The Central Bank of Nigeria (CBN) yesterday gave reasons why it retained the Monetary Policy Rate (MPR) for six consecutive times at 14% even after the economy’s exit from recession.
Rising from its Monetary Policy Committee (MPC) meeting in Abuja, the CBN’s Governor, Mr. Godwin Emefiele said, the committee believes that the effect of fiscal policy action towards stimulating the economy has begun to manifest as evidence in the exit of the economy from the 15 month recession.
Although, seems fragile, the fragility of the growth makes it imperative to allow more time to make appropriate complementary policy decision to strengthening the recovery.
Secondly, the committee was of the view that economic activities would become clearer between now and the Q1 of 2018 when growth is expected to have sufficiently strengthened and gained in receding inflation very obvious.
The most compelling argument for a hold according to him, was to achieve more clarity in the evolution of key macro economy indicators including budget implementation, economic recovery, exchange rate, inflation and employment generation.
He said, in consideration of the head wind confronting the domestic economy and the uncertainty in the global environment, the committee decided by a vote of 6 to 1, to retain the Monetary Policy Rate MOR at 14 per cent, alongside all other policy parameters.
“In arriving at this whole decision, the MPC commits to employing maximum flexibility to guide the economy on the path of utmost growth.
“Consequently, six members voted to retain MPR and all other parameters at their current level while one member voted to lower the MPR to signal at ease to the current stand of tight monetary policy.
“However, overall majority of the members expressed a strong commitment to policy flexibility that will allow the committee to promptly take the necessary action that will promote overall macro economic stability and engender sustainable growth.
“Consequently, the MPC voted to maintain the MPR at 14 per cent, Retain the CRR at 22.5 per cent, retain Liquidity Ratio at 30 per cent and retain the Asymmetric Corridor at +200 and -500 points around the MPR,” he said.
In arriving at its decision, the Committee took note of the gains so far achieved as a result of its earlier decisions; including the stability in the foreign exchange market and the moderate reduction in inflation.
The option was whether to hold, tighten or ease. These were subjected to extensive debate.

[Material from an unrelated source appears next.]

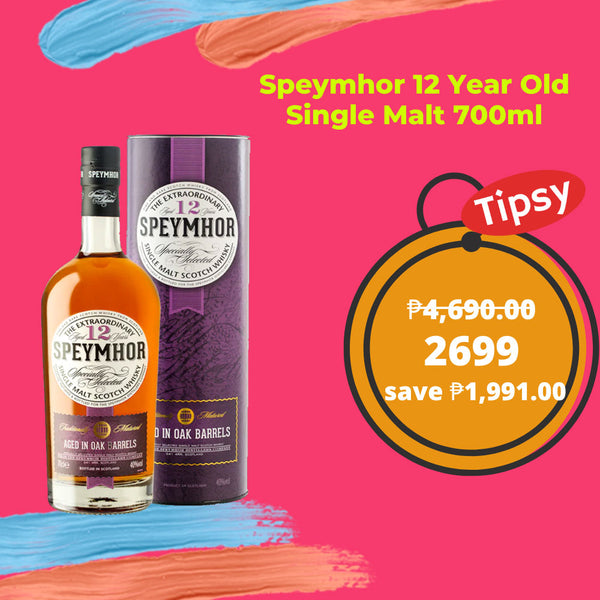 Speymhor 12 Year Old Single Malt Whisky 700ml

As in previous meetings, although tightening would help rein in inflation expectations and strengthen the stability in the foreign exchange market, the Committee felt that it would further widen the income gap, depress aggregate demand and adversely affect credit delivery to the private sector.
The Committee also noted that tightening may result in the deposit money banks re-pricing their assets and loans, thus raising the cost of borrowing and therefore heightening the already weak investment climate and non-performing loans.
With respect to loosening, the Committee believed that although while it would make it more attractive for Nigerians to acquire assets at cheaper prices, thus increasing their net wealth, and therefore stimulate spending as confidence rises, it nevertheless, felt constrained that loosening at this time would exacerbate inflationary pressures and worsen the exchange rate and inflationary conditions.
The Committee also felt that loosening will further pull the real rate deeper into negative territory as the gap between the nominal interest rate and inflation widens.